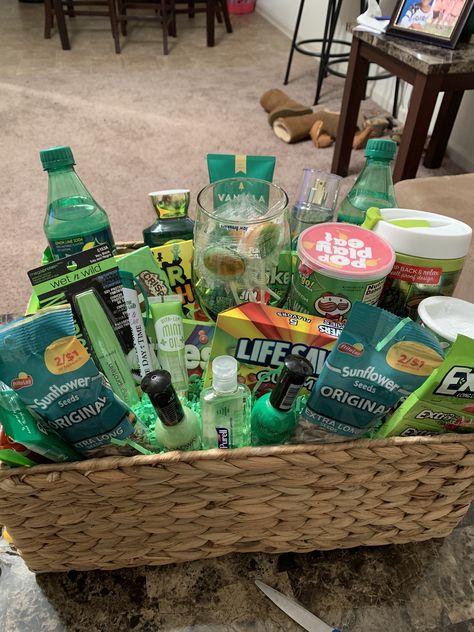 Lime Green Gift Basket Ideas, Green Valentines Basket, Color Party Basket Ideas For Adults, Forest Green Gift Basket, Green Themed Birthday Gift, Sage Green Gift Basket Ideas, Olive Green Gift Basket Ideas, Green Color Baskets Gift Ideas, Green Basket Gift Ideas For Boyfriend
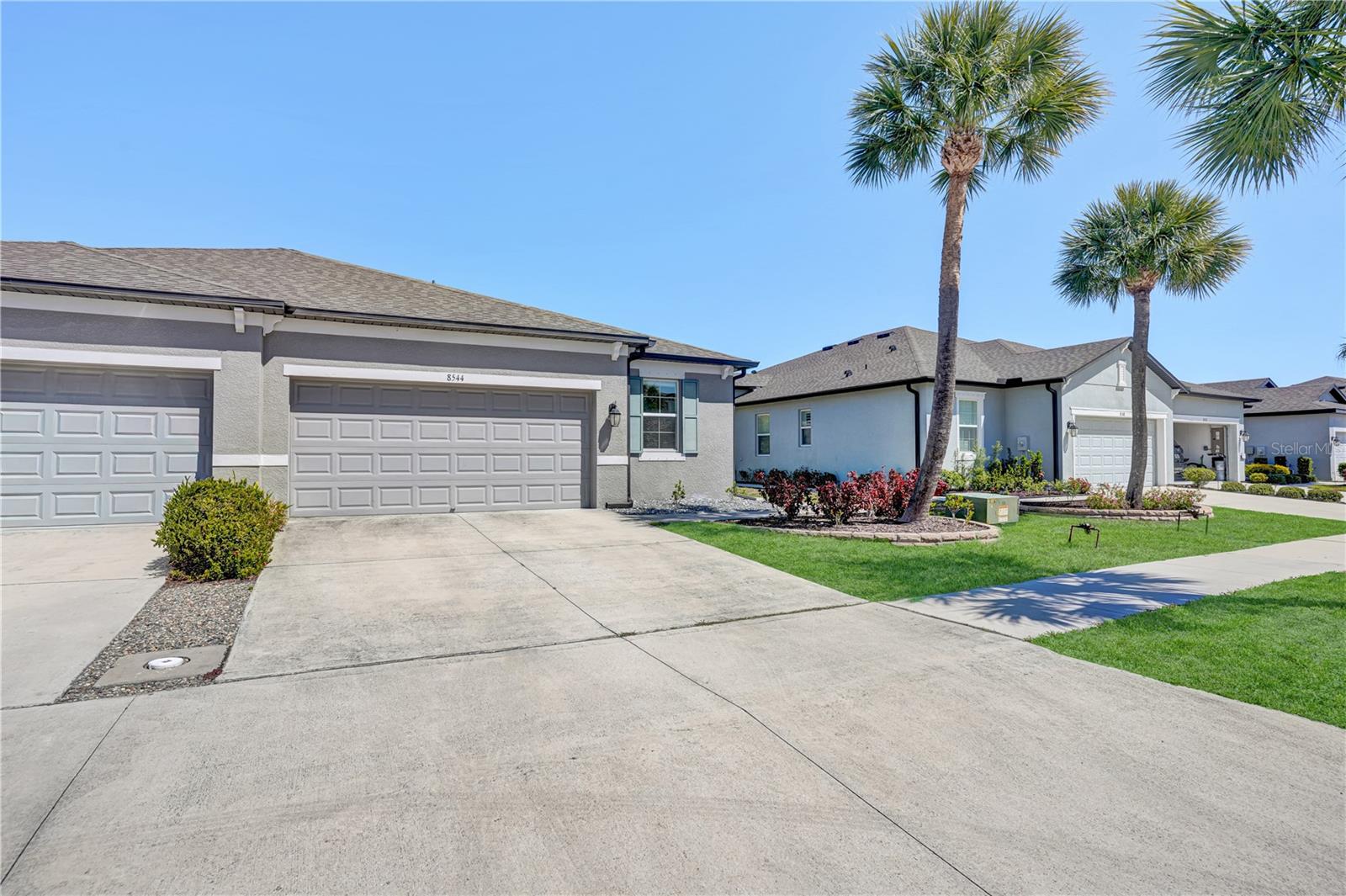 8544 Cache Dr, Sarasota, FL 34240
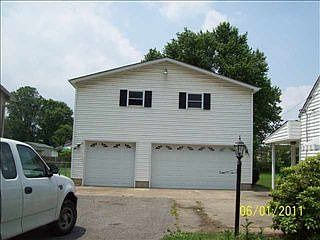 2nd image of 410 Lane St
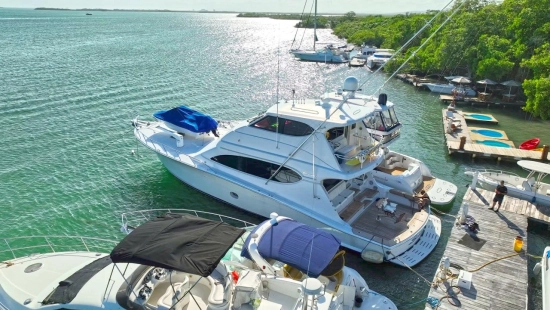 Hatteras Yachts 68 Convertible de segunda mano en venta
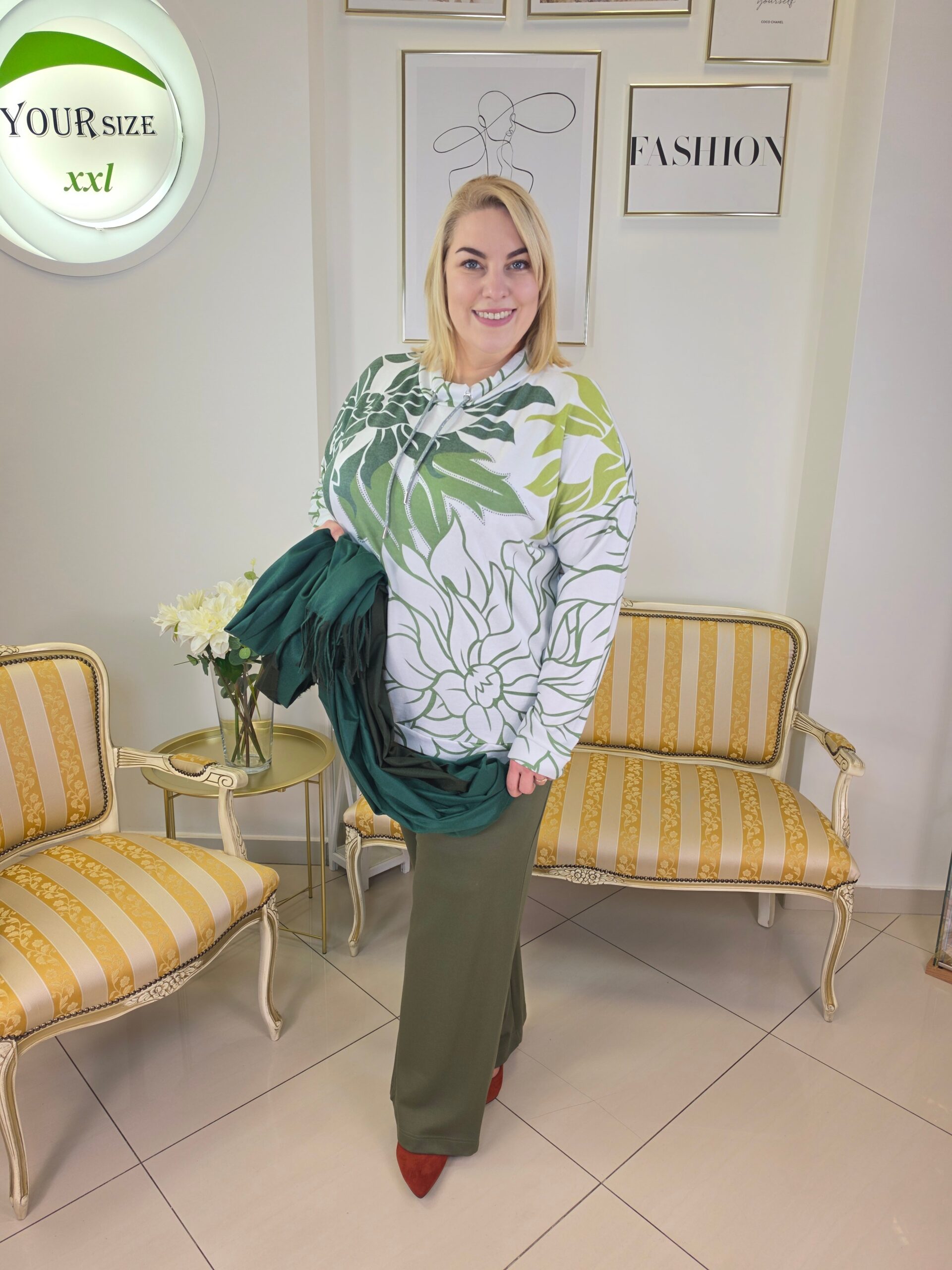 CIENKI DAMSKI SWETEREK PLUS SIZE Z WIĄZANIEM PRZY STÓJCE marki HAJO - obrazek 6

> _Exercise instructions_: Output the data exactly, pictures omitted.

> _Written response_:
 Lime Green Gift Basket Ideas, Green Valentines Basket, Color Party Basket Ideas For Adults, Forest Green Gift Basket, Green Themed Birthday Gift, Sage Green Gift Basket Ideas, Olive Green Gift Basket Ideas, Green Color Baskets Gift Ideas, Green Basket Gift Ideas For Boyfriend
 8544 Cache Dr, Sarasota, FL 34240
 2nd image of 410 Lane St
 Hatteras Yachts 68 Convertible de segunda mano en venta
 CIENKI DAMSKI SWETEREK PLUS SIZE Z WIĄZANIEM PRZY STÓJCE marki HAJO - obrazek 6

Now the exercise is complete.